* [What needs to be done]: The entries below contain a line with "Replay Koh-Lanta : Le" and a line with "Resales - Semi". Quote exactly those two lines and all lines between them.

* [Extracted information]:
* * *

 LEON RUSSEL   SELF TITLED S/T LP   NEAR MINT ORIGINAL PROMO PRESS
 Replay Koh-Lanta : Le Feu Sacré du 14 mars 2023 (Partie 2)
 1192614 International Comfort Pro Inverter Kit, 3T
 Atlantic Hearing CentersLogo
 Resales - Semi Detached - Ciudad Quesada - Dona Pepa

* * *

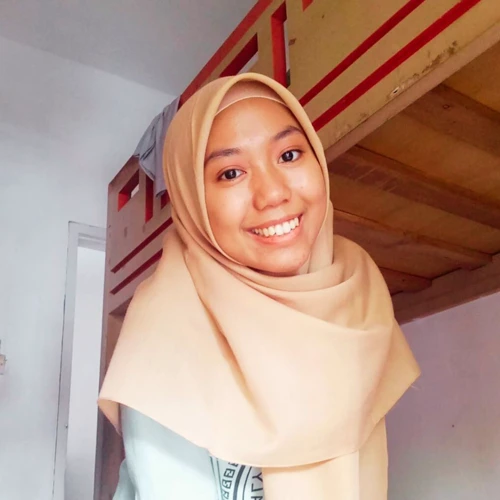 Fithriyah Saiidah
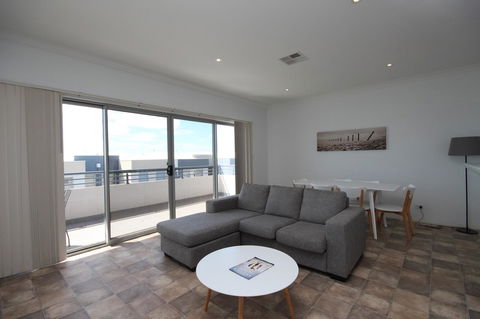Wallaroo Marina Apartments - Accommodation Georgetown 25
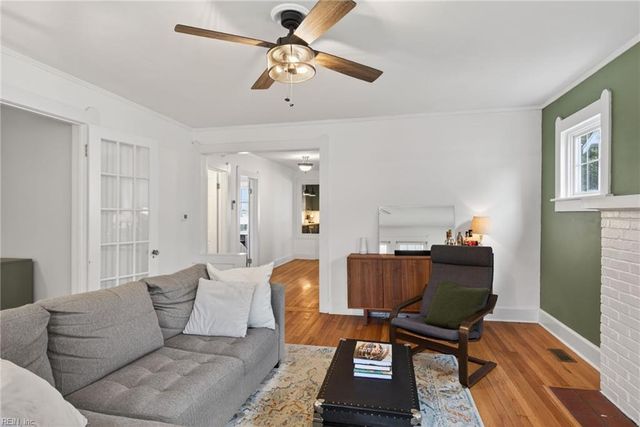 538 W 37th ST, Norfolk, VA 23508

* * *

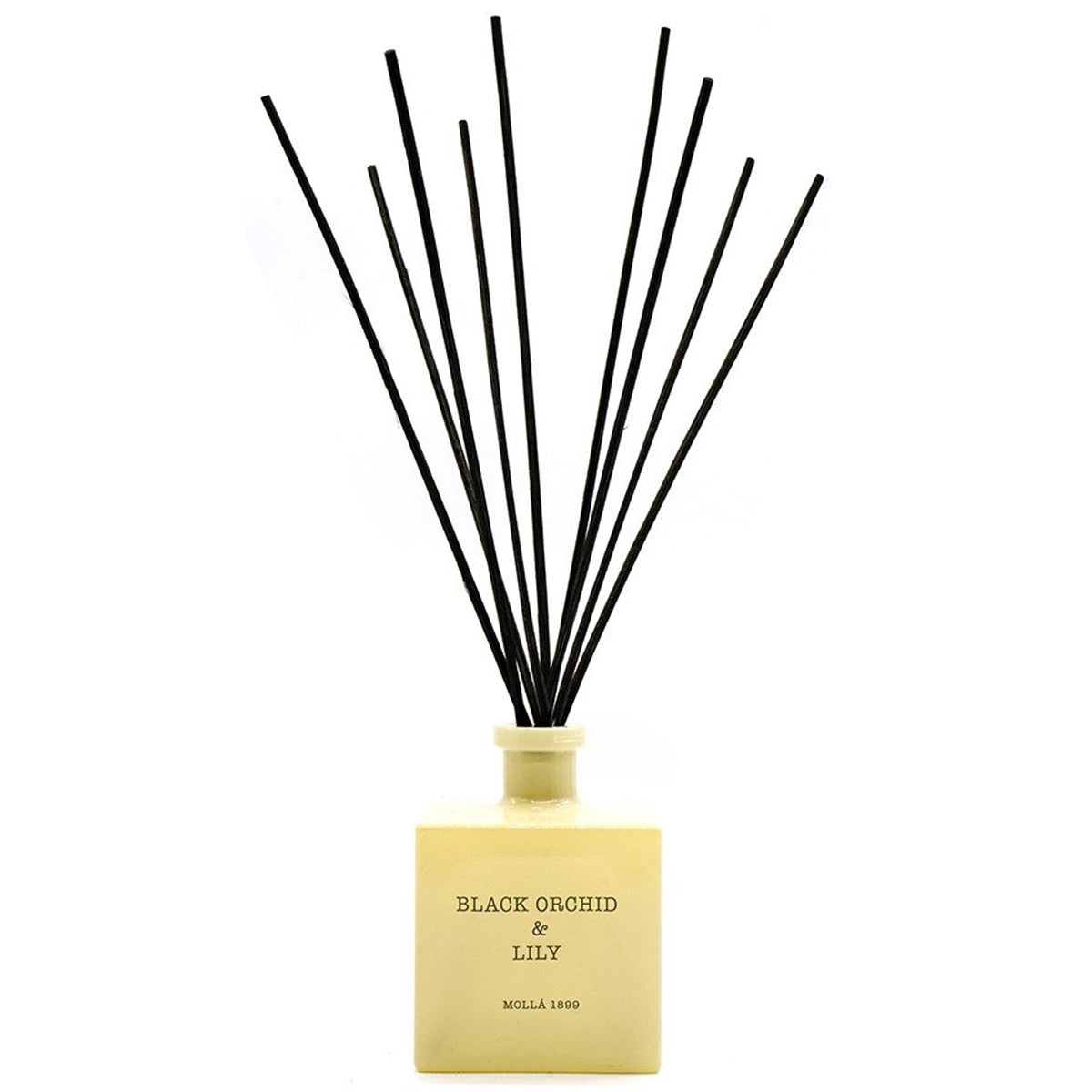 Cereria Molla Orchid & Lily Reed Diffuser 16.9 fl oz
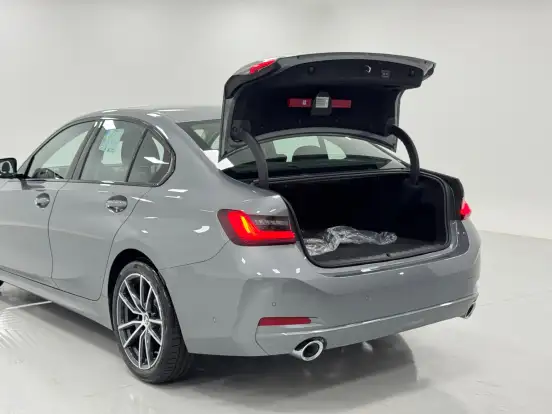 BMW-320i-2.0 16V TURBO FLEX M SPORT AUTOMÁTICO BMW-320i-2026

* * *

* [Result of this task]:
 Replay Koh-Lanta : Le Feu Sacré du 14 mars 2023 (Partie 2)
 1192614 International Comfort Pro Inverter Kit, 3T
 Atlantic Hearing CentersLogo
 Resales - Semi Detached - Ciudad Quesada - Dona Pepa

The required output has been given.